The family history was included to reinforce the fact that my family was in the wave of settlers that sought the land occupied by the tribes. My ancestors were here through the years when the tribes were forced from their nomadic existence and into the reservations. I live in North Dakota now and much of my family lives near the ND/SD border. We live this each day.

John Wilson from Whereever I hang my hat is my hone. Currently in Ibarra, Ecuador on October 31, 2016:

Thanks for the info, Dakota.

Wasn't any "mental gymnastics" involved, just logical questions about a protest.

Pretty simple to write it all out.

If there's concerns, then they should be listened too.

I wouldn't trust the government with taking out my trash, much less having them tell me my drinking water will be safe (Especially after the government said to Flint City people that same thing)

I tend to agree with the protestors. If it's a possible problem, and the government says it isn't, I'd go with "it's going to be a serious problem with the water supply."

That's how much faith I have in the U.S. government.

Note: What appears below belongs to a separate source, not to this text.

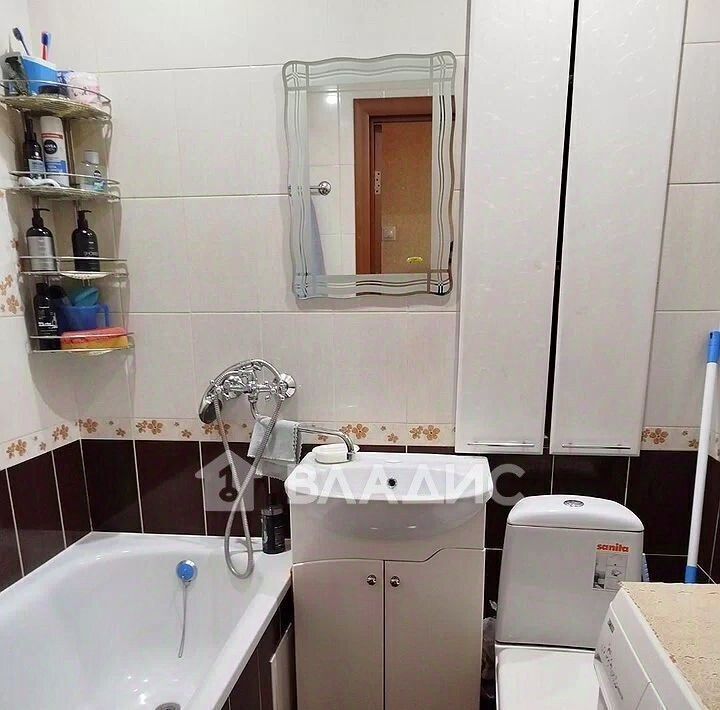 квартира г Пенза р-н Железнодорожный ул Дзержинского 33 фото 10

Which, at this point is, 0!


Dakota Boy (author) from Seattle on October 31, 2016:

John, you are going through the same mental gymnastics that I experienced in confronting this protest. Depending on who you ask, a different story emerges. I understand that the pipeline is not actually going through the current boundaries of the reservation but rather through Corps of Engineers Land that was previously a part of the Sioux Nation. The claim is that these were ancestral lands where their forefathers fished, hunted and lived. There have been studies by the ND Historical Society to determine whether the pipeline specifically will cross historical sites and no specific disruption was uncovered. The Tribe is challenging whether the study was thorough enough. The primary issue is the fact that the pipeline will go under the Missouri River. The protestors are being called "Water Protectors" by their peers and there are legitimate concerns about this being a problem. There have been a number of pipeline leaks over the years and the impact to the stretch of River that runs through Standing Rock would be devastating to the tribe. Whether the law enforcement officers and Nation Guard could just stand down is a bigger picture. The protestors are consistently vandalizing equipment and engaging in confrontations with the pipeline workers. The threat to property is a concern as is the threat to the well-being of the workers. There are also allegations of theft in the area, missing cattle and other chattel missing from the farmers in the area. Who did it and what was taken has not been proven. Law enforcement has warned those living in the area to make sure they don't travel alone and recommends that they be armed in case of confrontation.

John Wilson from Whereever I hang my hat is my hone. Currently in Ibarra, Ecuador on October 28, 2016:

Dakota Boy,

Interesting Hub.

I'd have liked to learned more about what the protestors were objecting to.

My limited understanding of the objections are these:

1) The pipeline's on tribal land - was that legally or illegally decided?

2) I think, not sure, it's going through "sacred" land?

3) Fear of contamination of the water supply for the tribe

Are the protestors justified in their actions? If so, why should they stop their protest?

Why can't law enforcement do what they did in Baltimore, during the riots by blacks, and stand down?

My opinion is this - we are people that give permission to those in power. If the American Indians feel their permission should be withdrawn, why should they not be able to excessive that belief? And did they ever give permission to have the pipeline cross their lands?

Intersting topic when it concerns citizens rights and government action. The are too many times that the government acts illegally. With the American Indian, that list would be a long one!

More information would be appreciated.

Interesting family history. How does it pertain to the protest?